Adding your own bell pictures
You can create your own bell pictures, and add them to the ones that Abel will use. To do this, you must have a graphics file editor, and follow the following rules:
- A set of pictures must include two graphics files, one for the bell at the handstroke position (down), and one for the bell at the backstroke position (up). If you want bells on the right hand side of the window to be mirror images of those on the left, you must provide another two files for the right hand bells.
- These files must be in Windows bitmap format. The first two must be called bell_dl_256.bmp and bell_ul_256.bmp. If you are providing mirror images for the right hand side of the screen, these must be called bell_dr_256.bmp (up/right) and bell_ur_256.bmp (down/right). LI>
- If the bells are to appear in a circle, each picture must be square. The "standard" ones supplied with Abel are 128 pixels wide and 128 pixels high; the "high definition" ones are 192x192 pixels. Do not use pictures more than 256x256 pixels.
- If the bells are to appear in a line across the screen, each picture must be rectangular (not square). For example, they could be 512 pixels high and 32 pixels wide. Do not use pictures that provide much higher definition than this, particularly for moving pictures.
- Ensure you leave space for the bell numbers which Abel puts midway down the pictures, on the right for right-hand mirrored pictures and all square pictures displayed on the right; otherwise on the left.
- All the pictures in a set must be the same size. The files must be 8-bit (i.e. 256 colour) images. The background of the bell pictures should be white.
- The files comprising a set of bell pictures must be stored in the Bells\Pictures subdirectory in the Abel installation directory, inside another directory whose name describes the bell pictures. Look in C:\Program Files\Abel 3\Bells\Pictures for some examples.
- For moving pictures, in addition to the above, the same subdirectory must also contain a picture for each of the "frames" in the movie.

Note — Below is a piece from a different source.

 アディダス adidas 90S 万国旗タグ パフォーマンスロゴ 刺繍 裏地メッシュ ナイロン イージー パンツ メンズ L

These must be in files named bell_**l_256.bmp, where ** is the number of the frame, starting from 01. When a bell set at handstroke moves to be set at backstroke, the movie consists of the sequence of pictures bell_dl_256.bmp bell_01l_256.bmp bell_02l_256.bmp bell_03l_256.bmp ... bell_ul_256.bmp. The same pictures are used at handstoke and backstroke, when the sequence is reversed.
- For moving pictures, if there are mirrored right hand images (usual for handbells but not for tower bells), they must be in files named bell_**r_256.bmp, and there must be the same number of left and right hand frames.

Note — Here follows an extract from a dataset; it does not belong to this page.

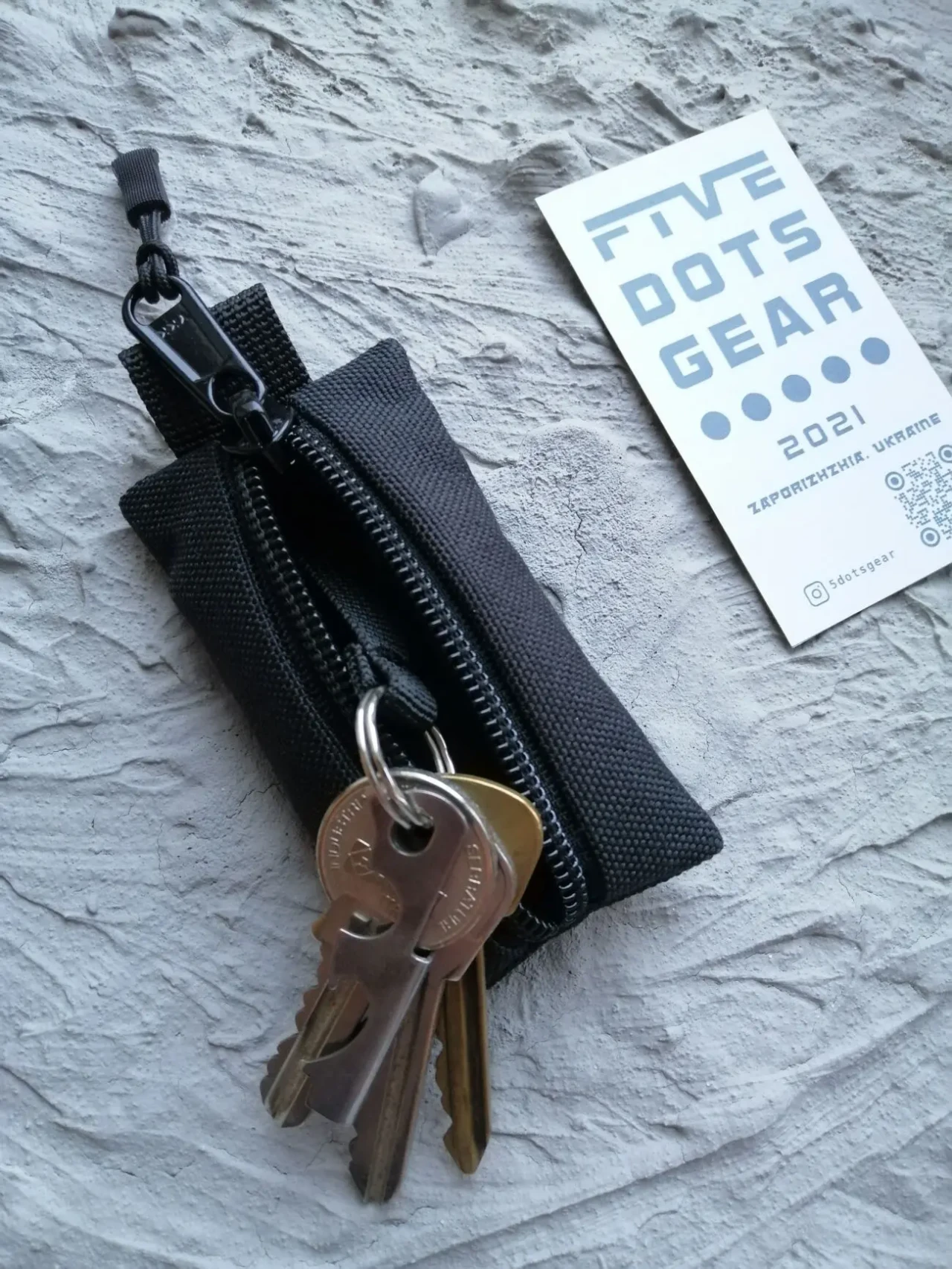 Ключниця маленька органайзер монетниця чохол для ключів edc кордура 7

- For moving handbells, there can be up to 20 frames in each sequence. The speed of bell movement depends on the number of frames; typically this is three, but can be reduced to two for very quick movement, or extended to seven or more for very slow movement.

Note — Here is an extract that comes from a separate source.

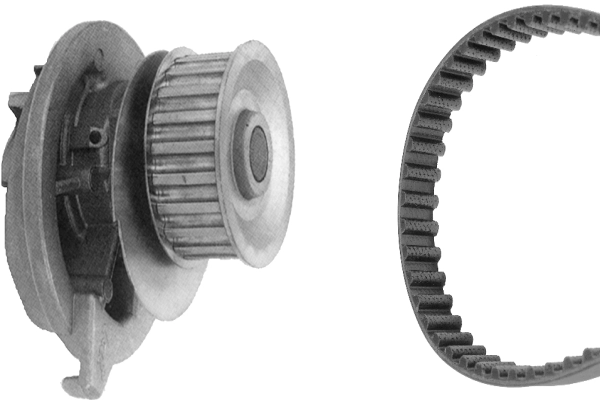 Correia do mecanismo de distribuição de gás, kit para Opel Kadett D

- For moving tower bells, there must be more than 20 frames in a sequence, less than 100, and typically there are about 60. The central, core, part of the sequence should be the frames that are used during rounds with no handstoke gap; this is typically about 40 frames. Before and after this should be further frames, that are used when the bell rises higher on one or other stroke, either because of the handstroke gap or because the bell is hunting up; these end sequences are typically about 10 frames each.
- For moving bells, the directory containing the frame files should also contain a file called Params.txt, created with Microsoft Notepad or similar. This must contain three numbers, each on a separate line. The first number must be 1000. The second gives the point when the bell sounds during the core picture sequence, as a percentage; it is normally 100 for handbells and about 80 for tower bells (if you are using Abel in a tower, you may want to adjust this value to match your real bells). The third number gives the number of frames each side of the core sequence: for handbells it is 0, and for tower bells typically about 10.
If you follow the above rules and store your images in the correct place, Abel will automatically recognise them and make them available for use in the Screen/Print Options dialog.